No, write(2) is not guaranteed atomic, and that's not obvious. Probably 
a lot of people have learned that the hard way.

All I know about those flags is what I just read in the man page, but I 
think they don't guarantee atomic writes either -- at least, they're not 
intended to.

The sync stuff means the system call won't return until the data has 
been written to disk (as opposed to queuing the write to be executed 
sometime later). That doesn't say anything about interleaving with other 
processes.

Direct -- non-cached -- sounds like sort of the same thing, but at a 
different level, and it isn't even guaranteed to do that. The man page 
doesn't say much.

Either of those might slow things down a lot, without necessarily 
solving your problem.
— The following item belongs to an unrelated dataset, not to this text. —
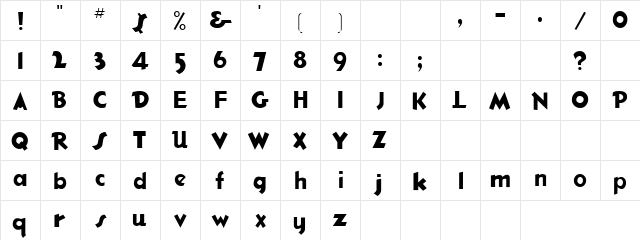 Newsy Normal  glyph index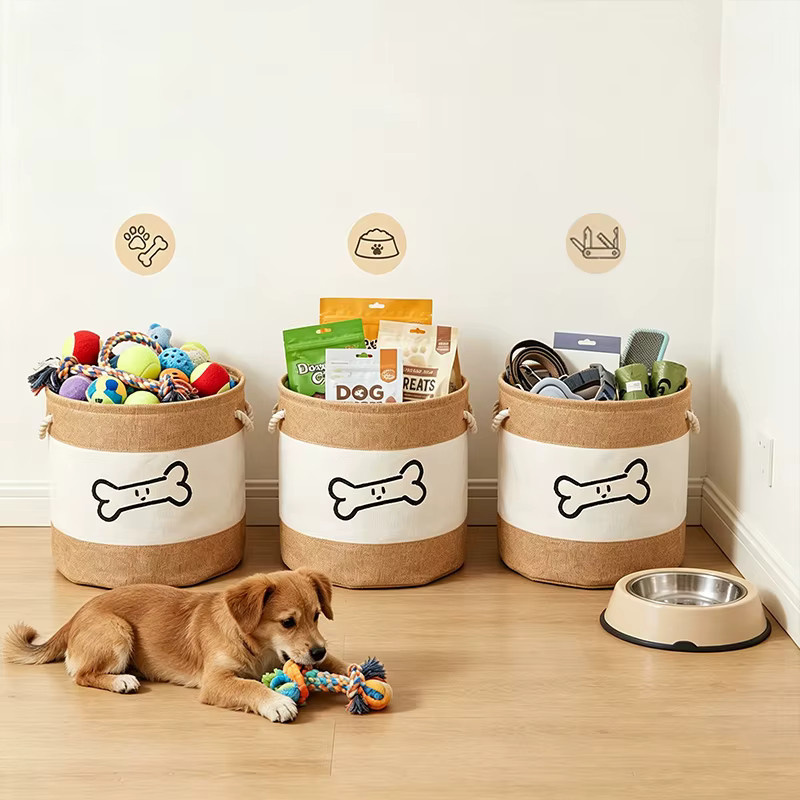 Pawstrip Haustier-Spielzeugkorb als faltbare Aufbewahrungsbox für Katzen- und Hundezubehör mit Griff, Durchmesser: 29 cm - Bild 3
Either might make the problem less likely to 
occur, and so harder to debug. I suggest that you don't use those flags 
for this purpose.

This is an old, general problem: concurrent access to a shared resource. 
There are two common solutions. Paul suggested one of them: serialize 
access through a single process. The other is to serialize it through 
some kind of lock, that can only be held by one process at a time. Each 
process acquires the lock, uses the shared resource briefly, and 
immediately releases the lock. Semaphores are that kind of lock, 
invented for that purpose.

Unix file systems have file locking, which does that for all or part of 
a file; see fcntl(2). Note that Unix file locking is advisory -- 
voluntary -- not compulsory. It only works if all the processes agree to 
use it. Also, in the past, it has not always worked for files accessed 
across the network, through NFS. I don't know whether it works through 
modern NFS. It's best to use it only for local files.

Both approaches work fine, if they're done correctly; they're both a 
little complicated to implement. Getting it right requires a clear 
understanding of the problem and the solution. Sounds like you have the 
idea now.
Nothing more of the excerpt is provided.